WHAT IS NEEDED:
Where the line containing "at US Capitol" appears, begin retyping; continue exactly through the final line of the data. Omit every picture.
##### DATASET ENTRIES
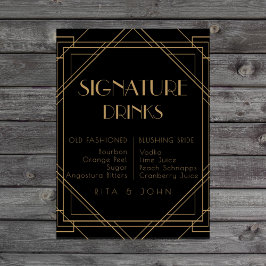 Classic Gold  Bar Signature Drinken bruiloft Poster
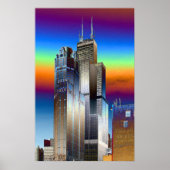 Willis/Sears-Turm in Chicago, digital zeichnend Poster (Vorne)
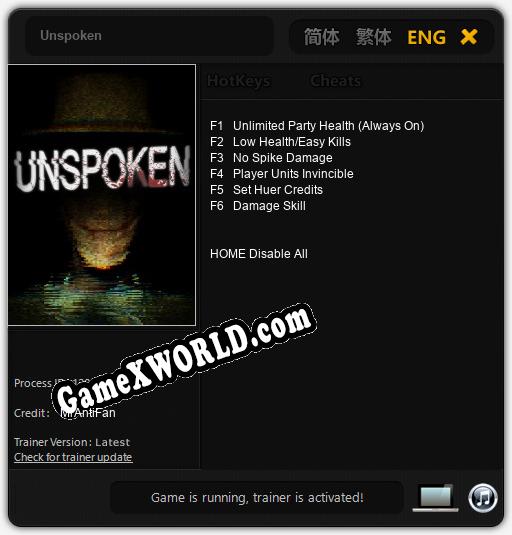 Unspoken: Читы, Трейнер +6 [MrAntiFan]
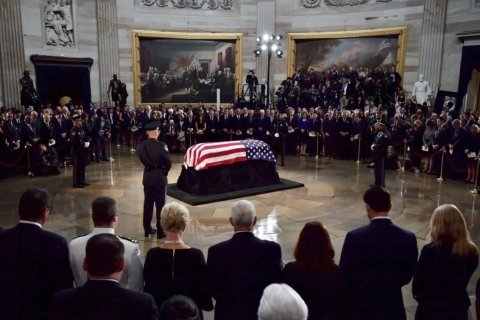 ‘One of the bravest souls’: Ceremony honors McCain at US Capitol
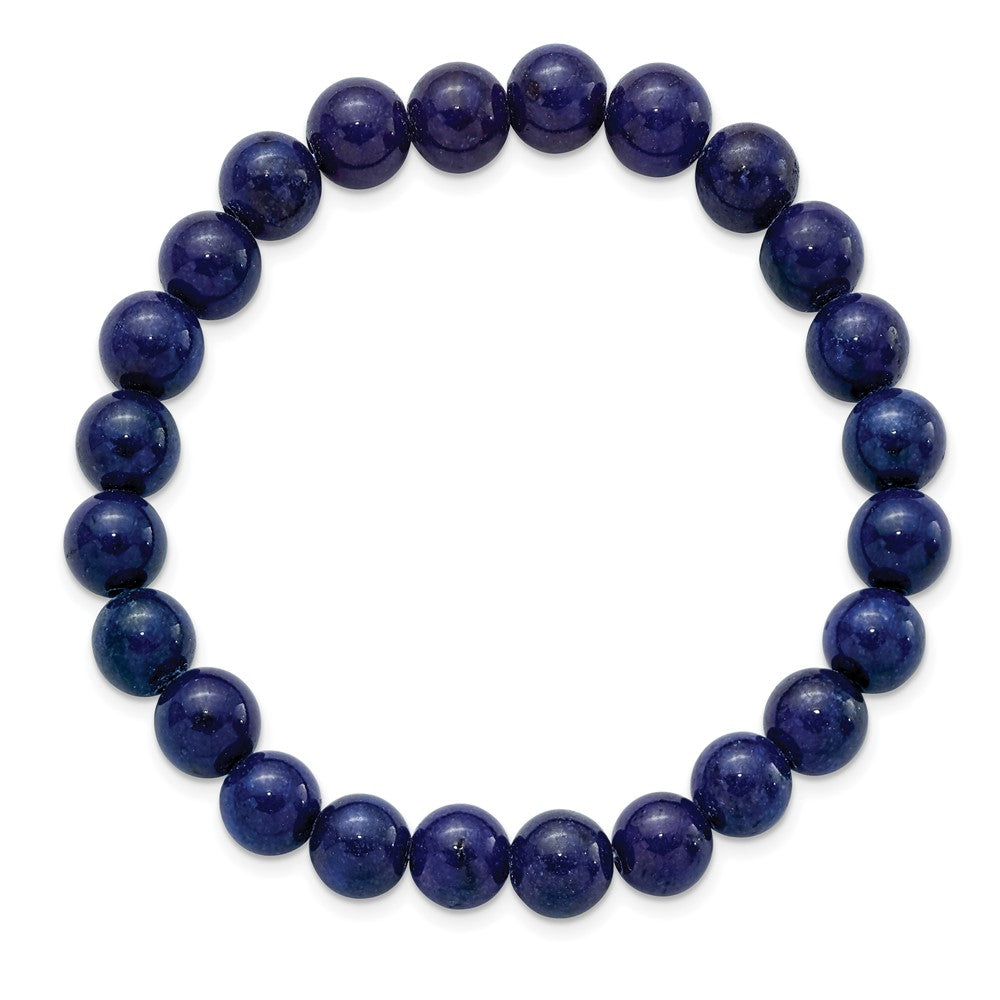 Chisel 8mm Blue Nephrite Beaded Stretch Bracelet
##########
SOLVED PROBLEM:
 ‘One of the bravest souls’: Ceremony honors McCain at US Capitol
 Chisel 8mm Blue Nephrite Beaded Stretch Bracelet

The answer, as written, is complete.